Security should be designed into a system - it is very difficult to make an insecure system secure after it has been designed or implemented. Adding security features to a system to enhance its security affects other attributes of the system:
• Performance: additional security checks slow down a system so its response time or throughput may be affected.
• Usability: security measures may require users to remember information or require additional interactions to complete a transaction. This makes the system less usable and can frustrate system users.
Design risk assessment is done while the system is being developed and after it has been deployed. More information is available - system platform, middle-ware and the system architecture and data organization. Vulnerabilities that arise from design choices may therefore be identified. During architectural design, two fundamental issues have to be considered when designing architecture for security:
Protection: how should the system be organized so that critical assets can be protected against external attack?

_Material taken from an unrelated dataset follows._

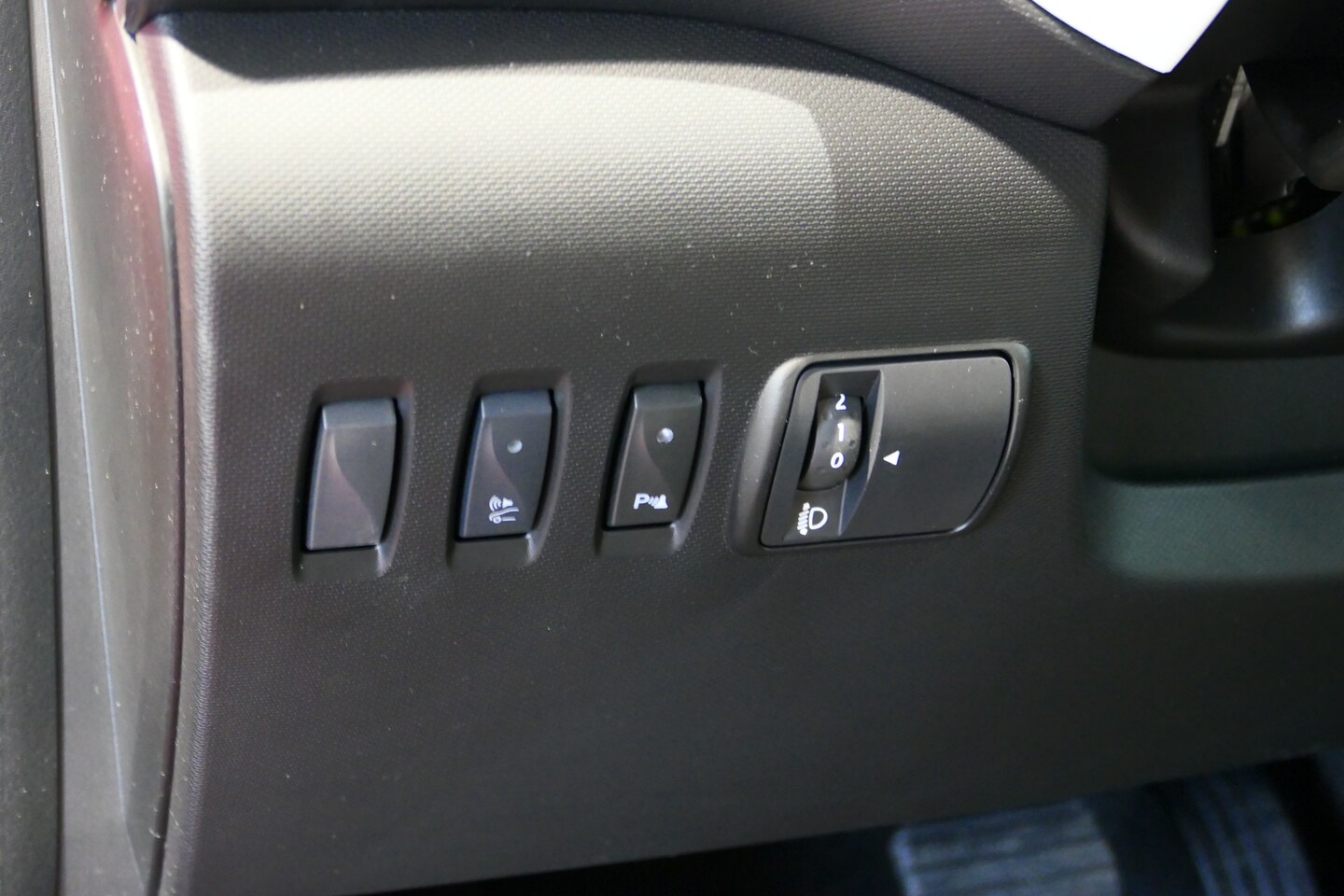 Renault Twingo Z.E. ETECH Electric R80 Equilibre stoelverwarming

Layered protection architecture
Platform-level protection: top-level controls on the platform on which a system runs.
Application-level protection: specific protection mechanisms built into the application itself e.g. additional password protection.
Record-level protection: protection that is invoked when access to specific information is requested.
Distribution: how should system assets be distributed so that the effects of a successful attack are minimized?
Distributing assets means that attacks on one system do not necessarily lead to complete loss of system service. Each platform has separate protection features and may be different from other platforms so that they do not share a common vulnerability. Distribution is particularly important if the risk of denial of service attacks is high.
These are potentially conflicting. If assets are distributed, then they are more expensive to protect. If assets are protected, then usability and performance requirements may be compromised.